Borrell war bereits am Samstag in der Ukraine eingetroffen. Bei einem Besuch in der Schwarzmeer-Stadt Odessa sicherte er dem Land den anhaltenden Beistand Europas im Kampf gegen Russland zur “Wiederherstellung seiner territorialen Integrität” zu, auf politischer, wirtschaftlicher und diplomatischer Ebene. Den Sonntag hatte er schon in Kiew verbracht. Auf Twitter (X) schrieb der EU-Außenbeauftragte, die Minister würden in Kiew seinen Vorschlag, der Ukraine längerfristige Finanzierungszusagen für Militärhilfe zu machen und mit EU-Geld auch die Lieferung moderner Kampfjets und Raketen zu unterstützen, erörtern. Borrell strebt an, zwischen 2024 und Ende 2027 jährlich fünf Milliarden Euro dafür zu mobilisieren. Beschlüsse sind in Kiew allerdings nicht zu erwarten, zumal es sich um ein informelles Treffen handelt.

Auch für Schallenberg ist es an der Zeit, die Unterstützung für die Ukraine in eine “langfristige Zusammenarbeit” umzuwandeln, insbesondere zur Stärkung der ukrainischen Justiz und der Korruptionsbekämpfung. “Korruption ist Gift für jede Investition in den Wiederaufbau der Ukraine”, sagte der ÖVP-Politiker mit Blick auf die zig milliardenschwere Finanzhilfe aus Europa für Kiew und die Investitionen von rund 600 österreichischen Unternehmen, die in der Ukraine präsent sind.

Die Ukraine erhielt nach Kriegsbeginn den Status eines EU-Beitrittskandidaten. Damit die Beitrittsverhandlungen beginnen können, muss Kiew aber noch mehrere Punkte erfüllen. Im Kandidatenstatus sieht Schallenberg einen “langfristigen Hebel” zu Schaffung eines vollwertigen Rechtsstaats in der Ukraine.

Mehrere der 27 Außenminister kamen nicht nach Kiew, darunter jene aus Ungarn und aus Polen. Der ungarische Außenminister Péter Szijjártó hatte sogleich abgesagt. Ungarn hat durchaus Vorbehalte gegen die Russland/Ukraine-Politik der EU. Der polnische Chefdiplomat Zbigniew Rau ist dem Vernehmen nach an Corona erkrankt. Auch er ließ sich vertreten. Die Unterstützung für die Ukraine in ihrer bisherigen Form war zuletzt im polnischen Wahlkampf von der Regierung der national-konservativen PiS-Partei infrage gestellt worden.

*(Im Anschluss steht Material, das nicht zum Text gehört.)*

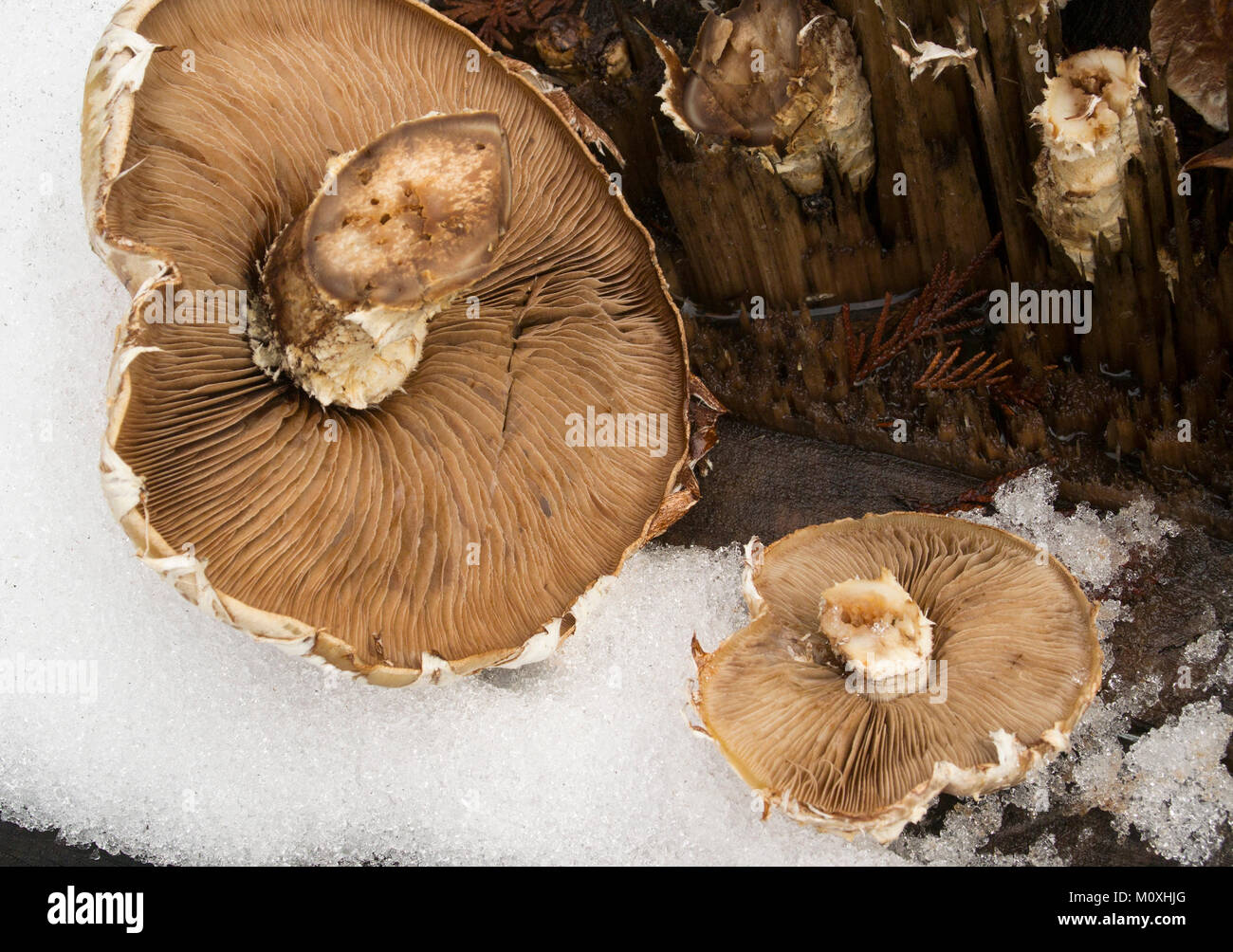 Hemipholiota populnea (Pholiota destruens) mushroom growing on a cottonwood stump, near Bull Lake, in Lincoln County, Montana.  Hemipholiota populnea  Stock Photo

Thema in Kiew war auch der Wahlsieg von Robert Fico bei der Parlamentswahl in der Slowakei am Wochenende. Fico hatte im Wahlkampf angekündigt, der Ukraine keine militärische Hilfe mehr zu leisten, sollte er an die Regierung kommen. Noch am Montag sollte Fico in Bratislava den Auftrag zur Bildung einer Regierung bekommen. Es ist aber noch unklar, ob er die nötigen Koalitionspartner findet. Kuleba meinte, es sei noch zu früh zu sagen, wohin das slowakische Wahlergebnis mündet.

Auch die Kompromisseinigung zwischen Republikanern und Demokraten im US-Kongress über einen Übergangshaushalt beschäftigte die EU-Minister. Das Budgetprovisorium enthält keine weitere Unterstützung für Ukraine. Der dänische Außenminister Lars Lökke Rasmussen wertete die Vorgänge in den USA als Anlass für Europa, “noch mehr für die Ukraine zu tun”, auch “um das starke transatlantische Signal zu senden, dass wir für das, was auf unserem Boden passiert, Verantwortung übernehmen”. Zugleich verwies er auf die Aussagen von US-Präsident Joe Biden, wonach Washington nicht aufhören werde, die Ukraine zu unterstützen.

Schallenberg analysierte die gegenwärtige Lage im Krieg folgendermaßen: “Wir befinden uns mitten in einem Abnützungskrieg, wir stehen vor dem zweiten Kriegswinter”. Russland greife nun wieder gezielt die ukrainischen Energieversorgungssysteme an – es herrsche täglich “Terror aus der Luft über das gesamte Staatsgebiet”.

Scharfe Kritik an dem Kiewer Treffen kam am Montag von der FPÖ. Deren Europasprecherin Petra Steger nannte die Zusammenkunft in einer Aussendung eine “historische Dummheit”. Zudem äußerte die freiheitliche Nationalratsabgeordnete Bedenken, dass Österreich als neutrales Land “an dieser Sondersitzung in der Ukraine teilnimmt”.